Crucially, Graduation strengthens extremely poor households’ economic resilience by providing training on asset diversification. Rather than relying on low-wage informal labor, participants are guided through the process of setting up multiple streams of income from diverse agricultural and commercial activities. When one income source fails, they have others to fall back on. As of July 2020, 76% of participants in the Philippines were able to continue earning an income even during lockdown through multiple means, including agricultural labor, selling fruits and vegetables, and producing and selling charcoal.
In addition to helping participants develop varied income streams, Graduation helps them create a buffer against shocks by increasing savings. Graduation coaches link them to local financial service providers and offer financial literacy training, encouraging saving and long-term planning. During COVID-19 lockdowns in the Philippines, 75% of participants used their savings to support their households, while only 20% took out loans. (For comparison purposes, at the start of the program, only 29% of participants reported having savings.)

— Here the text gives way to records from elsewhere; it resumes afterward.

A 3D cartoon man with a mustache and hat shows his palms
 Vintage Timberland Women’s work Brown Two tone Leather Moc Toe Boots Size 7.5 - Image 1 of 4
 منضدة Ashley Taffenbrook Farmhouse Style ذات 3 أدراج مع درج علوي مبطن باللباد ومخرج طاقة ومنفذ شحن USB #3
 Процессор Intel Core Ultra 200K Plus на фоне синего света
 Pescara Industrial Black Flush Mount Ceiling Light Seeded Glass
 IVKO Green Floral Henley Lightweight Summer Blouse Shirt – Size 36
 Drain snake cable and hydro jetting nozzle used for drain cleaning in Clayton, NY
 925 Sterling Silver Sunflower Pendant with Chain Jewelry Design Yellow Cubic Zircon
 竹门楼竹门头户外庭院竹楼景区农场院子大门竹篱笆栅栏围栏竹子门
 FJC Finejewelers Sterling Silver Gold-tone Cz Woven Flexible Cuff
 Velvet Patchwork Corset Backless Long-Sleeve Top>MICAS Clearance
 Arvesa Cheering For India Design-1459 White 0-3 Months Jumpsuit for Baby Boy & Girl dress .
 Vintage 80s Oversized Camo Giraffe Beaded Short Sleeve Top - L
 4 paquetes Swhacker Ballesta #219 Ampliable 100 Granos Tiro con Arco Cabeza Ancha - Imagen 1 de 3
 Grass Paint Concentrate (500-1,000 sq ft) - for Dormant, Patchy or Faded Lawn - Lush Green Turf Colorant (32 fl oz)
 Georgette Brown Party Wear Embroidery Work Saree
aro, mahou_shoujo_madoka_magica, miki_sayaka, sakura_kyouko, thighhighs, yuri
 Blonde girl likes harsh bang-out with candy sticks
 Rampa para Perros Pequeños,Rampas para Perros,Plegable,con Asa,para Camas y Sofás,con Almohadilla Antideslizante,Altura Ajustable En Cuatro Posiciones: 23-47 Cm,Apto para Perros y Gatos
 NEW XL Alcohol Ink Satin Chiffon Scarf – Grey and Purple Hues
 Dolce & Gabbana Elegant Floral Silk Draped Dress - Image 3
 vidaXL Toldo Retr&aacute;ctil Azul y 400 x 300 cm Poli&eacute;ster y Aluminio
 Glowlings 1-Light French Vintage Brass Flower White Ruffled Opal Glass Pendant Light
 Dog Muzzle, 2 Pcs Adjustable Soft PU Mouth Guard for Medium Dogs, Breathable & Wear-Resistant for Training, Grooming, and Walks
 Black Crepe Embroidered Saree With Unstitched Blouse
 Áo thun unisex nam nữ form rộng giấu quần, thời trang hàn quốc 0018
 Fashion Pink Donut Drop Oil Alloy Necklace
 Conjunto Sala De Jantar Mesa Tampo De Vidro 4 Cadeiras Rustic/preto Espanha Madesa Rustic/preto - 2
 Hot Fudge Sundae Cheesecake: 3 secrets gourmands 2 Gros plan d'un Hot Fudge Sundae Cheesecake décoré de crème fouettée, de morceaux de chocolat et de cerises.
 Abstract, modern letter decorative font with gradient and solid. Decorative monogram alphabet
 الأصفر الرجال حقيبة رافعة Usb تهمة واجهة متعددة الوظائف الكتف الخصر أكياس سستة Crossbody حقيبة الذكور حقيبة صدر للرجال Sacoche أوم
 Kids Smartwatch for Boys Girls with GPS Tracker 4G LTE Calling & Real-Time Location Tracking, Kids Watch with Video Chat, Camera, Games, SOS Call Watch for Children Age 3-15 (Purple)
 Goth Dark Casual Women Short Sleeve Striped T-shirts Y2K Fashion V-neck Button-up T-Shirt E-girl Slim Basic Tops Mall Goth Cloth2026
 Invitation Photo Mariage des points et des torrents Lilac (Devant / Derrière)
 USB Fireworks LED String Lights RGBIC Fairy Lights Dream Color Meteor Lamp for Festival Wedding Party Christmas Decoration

Self-sufficiency in income and savings ensures that people in extreme poverty can provide for themselves to some extent, even during a crisis like COVID-19. Graduation also increases the effectiveness of existing social assistance programs by connecting previously excluded households to government services. In the Philippines, 96% of Graduation pilot participants received cash assistance from the national government. Graduation coaches are serving as an important linkage between participants and their local governments. If participants receive aid in the form of financial support from the government, the coaches record and track this information in order to build on the saving practices taught throughout the program. On average, cash assistance programs in lower-middle income countries reach less than 70% of the poorest quintile of the population, making this level of coverage particularly encouraging.
The path to a resilient recovery
The government-led Graduation program in the Philippines demonstrates the impact of correctly identifying people in severe need, connecting them to social protection systems, and helping them build shock-resistant livelihoods. The approach does more than improve access to emergency aid and provide for basic health and nutritional needs. It empowers participants to escape the poverty trap and become agents of change in their households and communities.
To mitigate economic disasters of this magnitude and prevent them from harming millions of the world’s most vulnerable people, governments must strengthen existing social protection systems. Even the most generous programs are missing the people who need help the most. As a result, hundreds of millions of people globally are being left behind, and those that receive support often only get it after disaster has struck. Policymakers and the development community need to design better-targeted poverty eradication programs with a long-term focus that enable marginalized groups to become more resilient and self-sufficient. The Graduation approach provides a path to do that.
Lindsay Coates is Managing Director at BRAC’s Ultra-Poor Graduation Initiative.